I have just read Jane
Williams’ The Merciful Humility of God. It is a great reminder, in so
many different ways, of how God loves and values us and how God wants us to
recognise that. The very title of the book, including mercy and humility, is a powerful
reminder that God’s approach is very different from what we find elsewhere. She
uses the image of the shepherd to remind us of this, and it is worth our
remembering that shepherds would have been regarded as outcasts.
“God
has always had a soft spot for shepherds, from David onwards, and the child
whom the shepherds came to worship grew up to describe himself, quite often, as
one of them, preferring that description to ‘king’ or ‘messiah’. There is
something about shepherding that lies close to the heart of how God works;
shepherds feed and care for sheep, who can give them little in the way of
understanding or affection in return; shepherds protect the weak sheep against
the strong predators all around; shepherds risk their own comfort and safety
for the sheep. No wonder God invites them to Bethlehem.”
She carefully and
rightly reminds us not to go with expectation. Too often we get caught up in
thinking how things should be and we use our conventions. The book carries a
clear warning against that.
“God’s
activity may sometimes look wasteful, inefficient or even lacking in potency.

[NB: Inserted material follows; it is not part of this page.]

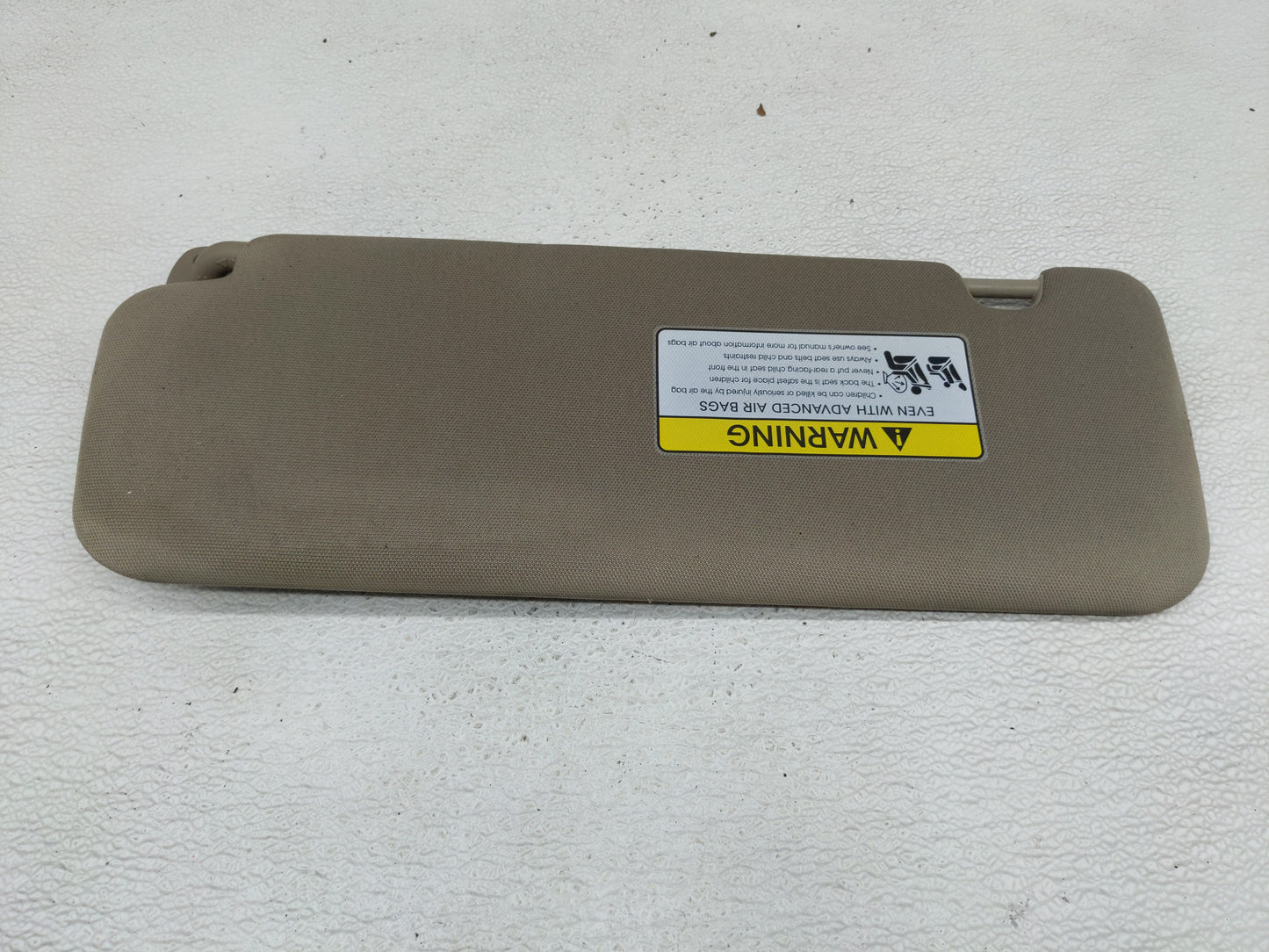 2016-2020 Kia Sorento Sun Visor Shade Replacement Passenger Right Mirror Fits Fits 2016 2017 2018 2019 2020 OEM Used Auto Pa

,,,, God’s timescale may not be ours, but that means that we have something to
learn, rather than that God should change. …. God’s action is sometimes
spacious, slow and hard to comprehend in its apparent lack of force, but it
seems that God is to be trusted. God may work quietly, humbly, apparently at
the mercy of greater forces and even accidents of history, but this is still
God at work, and love is still God’s meaning.”
“Almost
the first thing Jesus does at the start of his ministry is to gather around
himself a disparate group of friends, and to start to offend the people who
might have been able to promote his agenda. He seemed to have a clear strategy,
but one that is baffling by most ordinary standards.”
She reminds us that the
world’s standards and expectation will send us in the wrong direction. It may
not fit with what anyone is likely to expect but, actually, God’s different way
sets things up as they should be.
“To
hate is to be shaped by what is hated; paradoxically, it gives power to what is
hated to continue to shape life and choices. …. Whereas forgiveness brings
freedom and new possibilities.”
“The
humble God makes the world bigger, because God’s humility notices and includes
those who do not fit the dominant narrative of the world. Those who will never
be ‘successful’, as success is commonly measured, ‘succeed’ in being loved by
God.”
“In
Jesus, we see God’s humility lived out in the world, not claiming power or
prestige or approval or safety; and we come to discover that this is a mercy
and a blessing for us. We no longer have to be measured by failure or success,
and so to face the fact that we all fail.”